The map pictured is a “mappa mundi,” or “map of the world.” These maps were generated by medieval Christian scholars from existing evidence and (educated) guesswork. Surprisingly accurate given the time period, they were used for everything from decoration to strategic planning. Over a thousand examples of mappae mundi have been preserved; their origins and sources are in many instances well cataloged.
In contrast, “portolan charts” were practical guides to navigation, showing coastlines and known islands or other objects or phenomenon of interest. Such charts grew organically from the work of sailors. Often these maps were the product of disparate collaborators, and sometimes contained notations in multiple languages. A sea captain in 1290 might ask around for the latest portolan chart prior to an expedition and, following the journey, recirculate an amended version containing his own knowledge or subsequent discoveries.

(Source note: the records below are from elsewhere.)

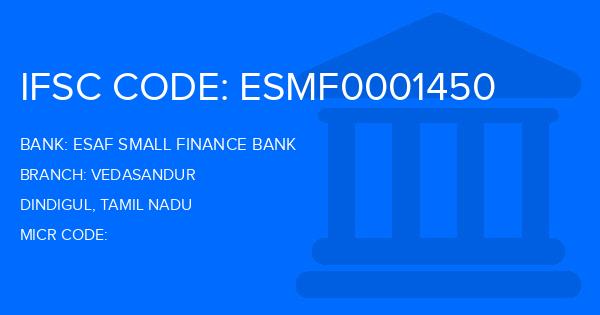 Esaf Small Finance Bank Vedasandur Branch IFSC Code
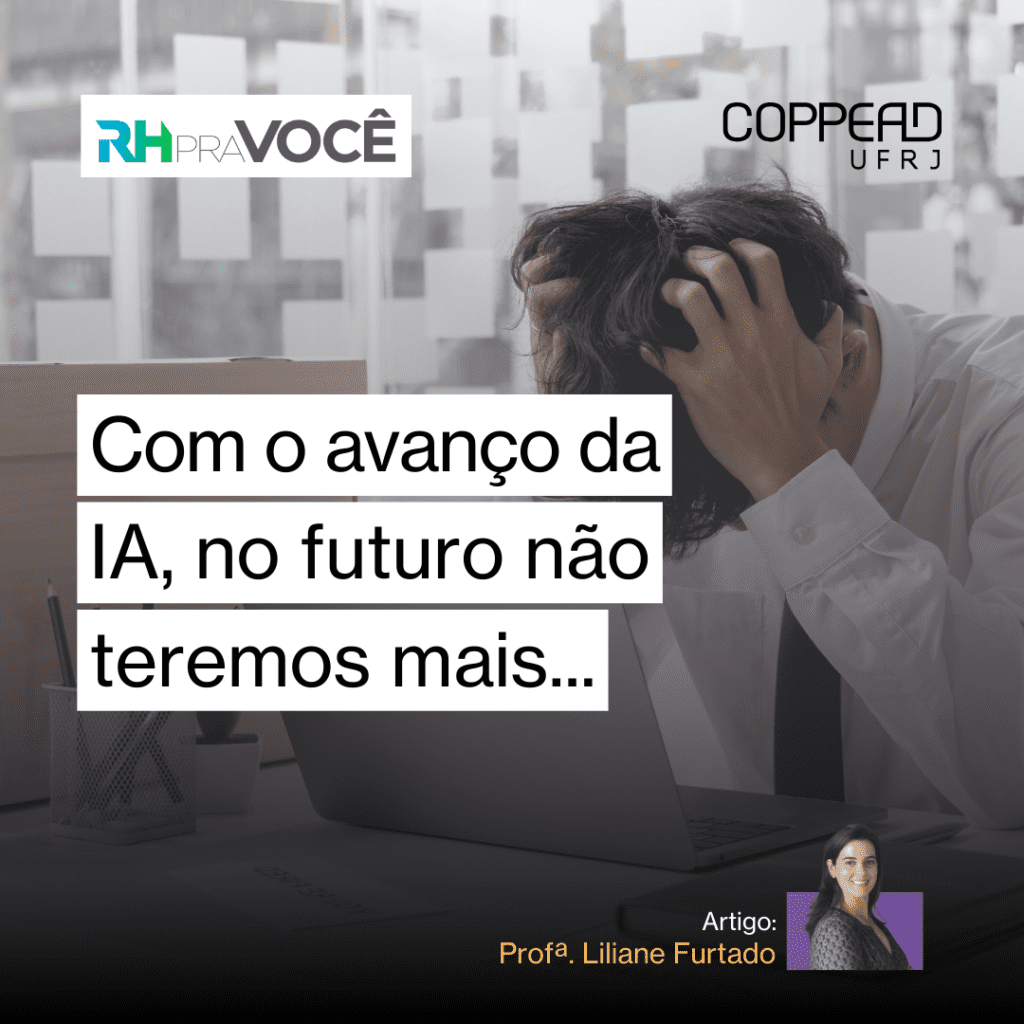 Com o avanço da IA, no futuro não teremos mais…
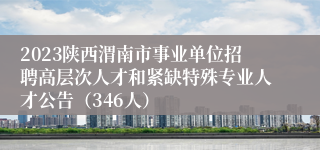 2023陕西渭南市事业单位招聘高层次人才和紧缺特殊专业人才公告（346人）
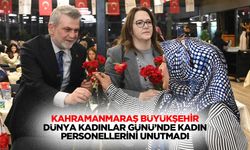 Kahramanmaraş Büyükşehir, Dünya Kadınlar Günü’nde Kadın Personellerini Unutmadı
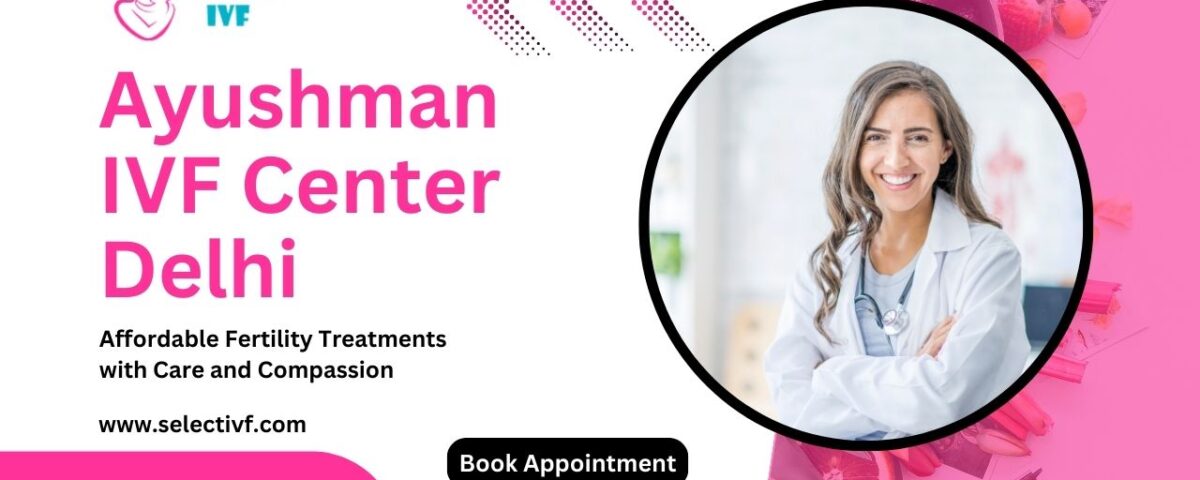 Ayushman IVF Center Delhi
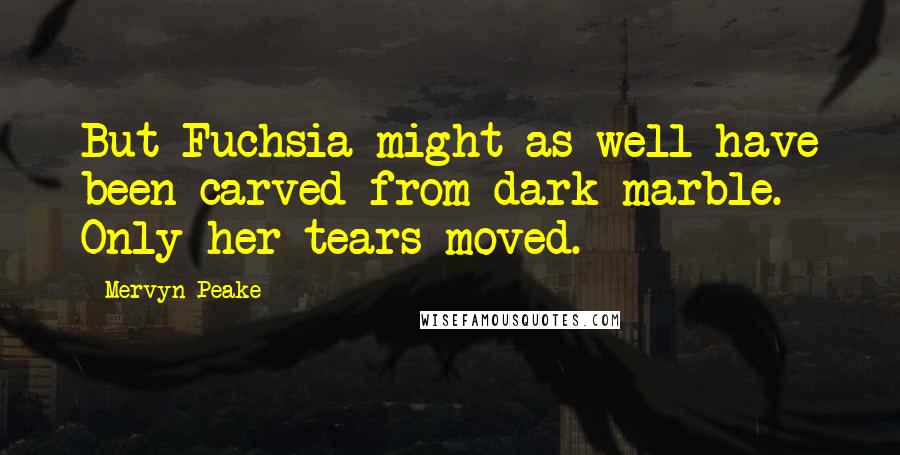 Mervyn Peake Quotes: But Fuchsia might as well have been carved from dark marble. Only her tears moved.
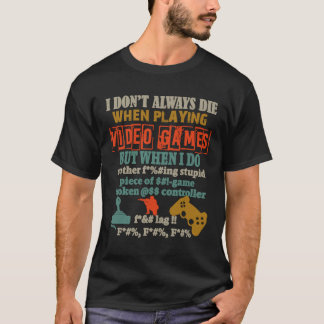 Ik sterf niet altijd bij het spelen van videospell t-shirt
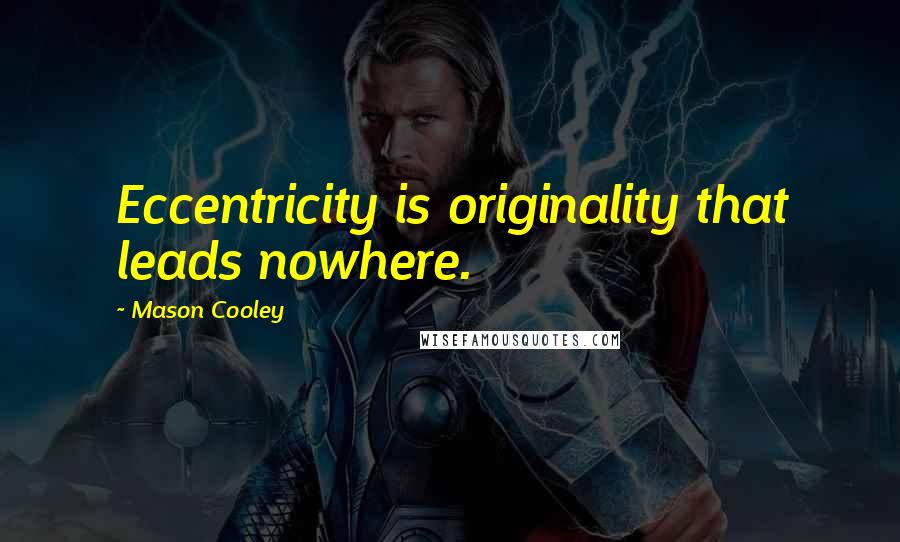 Mason Cooley Quotes: Eccentricity is originality that leads nowhere.
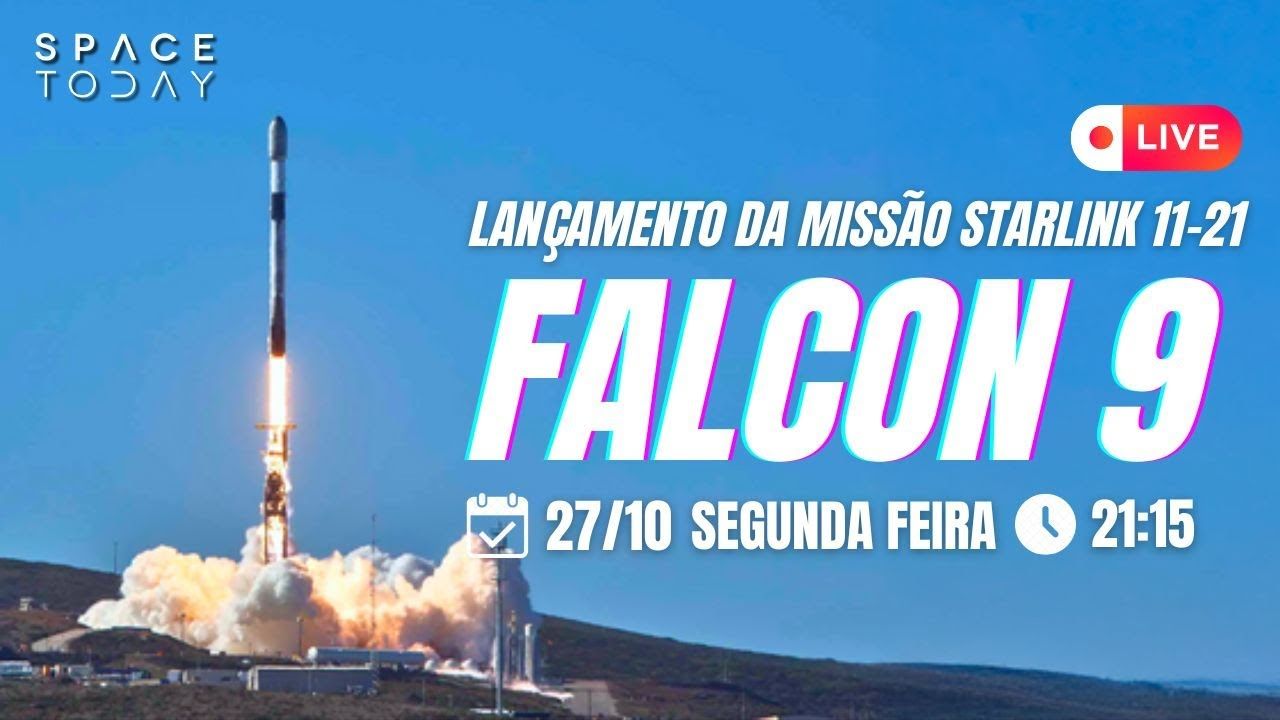 LANÇAMENTO FALCON 9 | STARLINK GRUPO 11-21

From Tony Campbell, Map Librarian of the British Map Library: "The medieval mappaemundi (world maps in the Christian tradition) are the cosmographies of thinking landsmen. By contrast, the portolan charts preserve the Mediterranean sailors firsthand experience of their own sea, as well as their expanding knowledge of the Atlantic Ocean." See Tony Campbell, "Portolan Charts from the Late Thirteenth Century to 1500," in The History of Cartography, Volume 1: Cartography in Prehistoric, Ancient, and Medieval Europe and the Mediterranean (1987), 372.
I imagine this observation has been made before, but are not thirteenth-century portolan charts a very early precursor to wikis? The knowledge accumulation these charts facilitated may not have been as “fast” as the word wiki implies, but the organic collaboration and fact-checking appears in full force.